# Looking for a punk rock song from the 90s



## passsacaglia (Dec 7, 2016)

Aloha homies!

First of all, no it's not Basket case hehe, but it sounds a little like to it.

I've been looking for a song in about...20 years now or more, I think I was between 5-8 (born 89), and when I heard it at the Swedish music program "Voxpop" I was quick writing 50% of the artist+track name on a piece of paper. Think I lost it and I've been looking for the track since.
Heard it in 2000'ish on a snowboard competition like Olympic Games or something, like 20 seconds before this guy was about to hit the snow, a time when smartphones weren't made and there was no Shazam. I actually called the tv-channel (well call me crazy hehe) and asked if someone knew and got a negative answer.

I only remember the first 2-3 chords -will make a "cover" of it as soon as I have time, brought my macbook to work and will take 10 mins this lunch hehe, but found some 90s punk playlists on SPotify I've been through. Still can't find it.

So, I'm hoping perhaps someone...on this forum Might know, perhaps better after my "cover". I have the contact details to the guy who was the host, but perhaps he dosen't remember hehe,,,will chill on that for a while.
But at this point, I think I remember that somewhere in the video they were in a basement or a garage and there were many glass bottles, it Could be black&white.
The intro sounds exactly like the intro for Fenix TX - All my fault.
Figured out it starts on a D, the melody was something like:
§*|*|: f# g *A. *| b c# d c# *F#. *| something ... lower case are fast/8 notes and capitals are 4th notes or yeah, a long note. This is the best I can do for the scripting/notation online hehe.
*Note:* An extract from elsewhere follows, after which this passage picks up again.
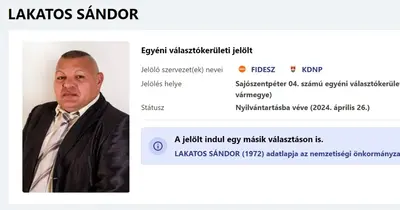 Sajószentpéteren politikai átigazolás: Lakatos Sándor a Fidesz-KDNP jelöltje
Will try make a "remix" in Logic, perhaps try it again with my Shazam, record it at my place so you will have something to listen to and someone...might remember the track.

A little crazy post but, I can't get it out of my head and it'd be nice hear it again and be able to play it again. Sounds like Basket case or the voice melody sounds like it, and intro also reminds of it but more like the faster Fenix TX. 

Thanks in advance guys,
Daveman


----------



## passsacaglia (Dec 7, 2016)

bump'ing this a little


----------



## Jdiggity1 (Dec 7, 2016)

You don't remember any lyrics?
90s punk for snowboard could be so many things... Rancid, Green Day, Dillinger Four, Blink 182, Ramones even!
Sum 41, Swingin Utters, NOFX....
man you're makin me nostalgic. I'm gonna go build some K'Nex


----------



## passsacaglia (Dec 7, 2016)

Jdiggity1 said:


> You don't remember any lyrics?
> 90s punk for snowboard could be so many things... Rancid, Green Day, Dillinger Four, Blink 182, Ramones even!
> Sum 41, Swingin Utters, NOFX....
> man you're makin me nostalgic. I'm gonna go build some K'Nex


Haha! Cool new avatar. 
Listened now on all old Green day albums. The singer has some brittish accent or it is just in my imagination since I'm comparing it to Green day, but could be american.
Ramones - doesn't sound like their sound, more new 90's punk rock.
Blink 182, nah they're my favorites, know them by heart 
Dillinger Four - new name, will take listen. Rancid, not their style either, more skate punk from what I remember.
Will listen more to Bodyjar and Goldfinger too, but it's not Goldfinger and I think Bodyjar is too new.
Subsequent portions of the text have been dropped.